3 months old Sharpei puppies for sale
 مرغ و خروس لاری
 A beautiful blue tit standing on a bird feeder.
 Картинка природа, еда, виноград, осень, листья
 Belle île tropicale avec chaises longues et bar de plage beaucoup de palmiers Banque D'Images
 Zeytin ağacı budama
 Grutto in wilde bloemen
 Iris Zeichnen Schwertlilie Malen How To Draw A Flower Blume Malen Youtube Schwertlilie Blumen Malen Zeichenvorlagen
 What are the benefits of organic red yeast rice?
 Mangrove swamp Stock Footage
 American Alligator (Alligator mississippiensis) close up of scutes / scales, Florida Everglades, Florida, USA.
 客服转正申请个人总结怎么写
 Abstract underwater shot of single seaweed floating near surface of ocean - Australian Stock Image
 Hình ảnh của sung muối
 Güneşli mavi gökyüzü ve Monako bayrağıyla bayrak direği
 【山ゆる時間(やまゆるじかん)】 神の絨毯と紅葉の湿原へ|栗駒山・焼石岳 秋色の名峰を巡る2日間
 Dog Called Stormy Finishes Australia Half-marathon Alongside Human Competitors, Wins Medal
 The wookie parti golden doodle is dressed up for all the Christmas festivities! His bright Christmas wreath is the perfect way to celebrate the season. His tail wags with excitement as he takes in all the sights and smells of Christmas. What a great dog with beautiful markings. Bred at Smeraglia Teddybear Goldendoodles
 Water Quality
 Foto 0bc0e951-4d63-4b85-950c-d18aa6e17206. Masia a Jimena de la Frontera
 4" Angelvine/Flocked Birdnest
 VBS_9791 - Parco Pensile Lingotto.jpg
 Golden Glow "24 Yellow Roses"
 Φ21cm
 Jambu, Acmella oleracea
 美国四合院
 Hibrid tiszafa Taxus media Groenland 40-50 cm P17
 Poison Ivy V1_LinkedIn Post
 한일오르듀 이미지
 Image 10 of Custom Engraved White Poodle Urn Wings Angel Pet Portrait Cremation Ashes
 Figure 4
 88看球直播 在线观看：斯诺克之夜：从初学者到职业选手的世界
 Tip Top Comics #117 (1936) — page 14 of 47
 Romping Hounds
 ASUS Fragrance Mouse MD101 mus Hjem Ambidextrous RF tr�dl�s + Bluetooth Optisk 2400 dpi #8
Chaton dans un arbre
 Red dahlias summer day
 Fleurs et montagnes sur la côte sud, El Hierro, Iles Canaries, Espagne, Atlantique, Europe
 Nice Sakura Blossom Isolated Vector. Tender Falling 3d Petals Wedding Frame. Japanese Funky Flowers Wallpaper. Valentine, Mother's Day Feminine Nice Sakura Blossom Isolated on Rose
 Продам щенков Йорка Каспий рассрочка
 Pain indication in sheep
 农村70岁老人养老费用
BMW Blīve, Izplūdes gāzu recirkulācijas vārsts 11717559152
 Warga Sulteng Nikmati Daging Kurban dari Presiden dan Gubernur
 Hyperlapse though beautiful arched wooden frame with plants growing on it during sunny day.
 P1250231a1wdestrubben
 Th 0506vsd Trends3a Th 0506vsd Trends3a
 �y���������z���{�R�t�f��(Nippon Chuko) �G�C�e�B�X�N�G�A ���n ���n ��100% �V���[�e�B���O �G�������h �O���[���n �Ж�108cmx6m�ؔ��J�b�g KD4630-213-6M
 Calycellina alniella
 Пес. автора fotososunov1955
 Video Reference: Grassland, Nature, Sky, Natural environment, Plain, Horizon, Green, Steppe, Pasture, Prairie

- - -

Task to carry out »
The full set of records is to be written out once more, word for word.

Your solution »
3 months old Sharpei puppies for sale
 مرغ و خروس لاری
 A beautiful blue tit standing on a bird feeder.
 Картинка природа, еда, виноград, осень, листья
 Belle île tropicale avec chaises longues et bar de plage beaucoup de palmiers Banque D'Images
 Zeytin ağacı budama
 Grutto in wilde bloemen
 Iris Zeichnen Schwertlilie Malen How To Draw A Flower Blume Malen Youtube Schwertlilie Blumen Malen Zeichenvorlagen
 What are the benefits of organic red yeast rice?
 Mangrove swamp Stock Footage
 American Alligator (Alligator mississippiensis) close up of scutes / scales, Florida Everglades, Florida, USA.
 客服转正申请个人总结怎么写
 Abstract underwater shot of single seaweed floating near surface of ocean - Australian Stock Image
 Hình ảnh của sung muối
 Güneşli mavi gökyüzü ve Monako bayrağıyla bayrak direği
 【山ゆる時間(やまゆるじかん)】 神の絨毯と紅葉の湿原へ|栗駒山・焼石岳 秋色の名峰を巡る2日間
 Dog Called Stormy Finishes Australia Half-marathon Alongside Human Competitors, Wins Medal
 The wookie parti golden doodle is dressed up for all the Christmas festivities! His bright Christmas wreath is the perfect way to celebrate the season. His tail wags with excitement as he takes in all the sights and smells of Christmas. What a great dog with beautiful markings. Bred at Smeraglia Teddybear Goldendoodles
 Water Quality
 Foto 0bc0e951-4d63-4b85-950c-d18aa6e17206. Masia a Jimena de la Frontera
 4" Angelvine/Flocked Birdnest
 VBS_9791 - Parco Pensile Lingotto.jpg
 Golden Glow "24 Yellow Roses"
 Φ21cm
 Jambu, Acmella oleracea
 美国四合院
 Hibrid tiszafa Taxus media Groenland 40-50 cm P17
 Poison Ivy V1_LinkedIn Post
 한일오르듀 이미지
 Image 10 of Custom Engraved White Poodle Urn Wings Angel Pet Portrait Cremation Ashes
 Figure 4
 88看球直播 在线观看：斯诺克之夜：从初学者到职业选手的世界
 Tip Top Comics #117 (1936) — page 14 of 47
 Romping Hounds
 ASUS Fragrance Mouse MD101 mus Hjem Ambidextrous RF tr�dl�s + Bluetooth Optisk 2400 dpi #8
Chaton dans un arbre
 Red dahlias summer day
 Fleurs et montagnes sur la côte sud, El Hierro, Iles Canaries, Espagne, Atlantique, Europe
 Nice Sakura Blossom Isolated Vector. Tender Falling 3d Petals Wedding Frame. Japanese Funky Flowers Wallpaper. Valentine, Mother's Day Feminine Nice Sakura Blossom Isolated on Rose
 Продам щенков Йорка Каспий рассрочка
 Pain indication in sheep
 农村70岁老人养老费用
BMW Blīve, Izplūdes gāzu recirkulācijas vārsts 11717559152
 Warga Sulteng Nikmati Daging Kurban dari Presiden dan Gubernur
 Hyperlapse though beautiful arched wooden frame with plants growing on it during sunny day.
 P1250231a1wdestrubben
 Th 0506vsd Trends3a Th 0506vsd Trends3a
 �y���������z���{�R�t�f��(Nippon Chuko) �G�C�e�B�X�N�G�A ���n ���n ��100% �V���[�e�B���O �G�������h �O���[���n �Ж�108cmx6m�ؔ��J�b�g KD4630-213-6M
 Calycellina alniella
 Пес. автора fotososunov1955
 Video Reference: Grassland, Nature, Sky, Natural environment, Plain, Horizon, Green, Steppe, Pasture, Prairie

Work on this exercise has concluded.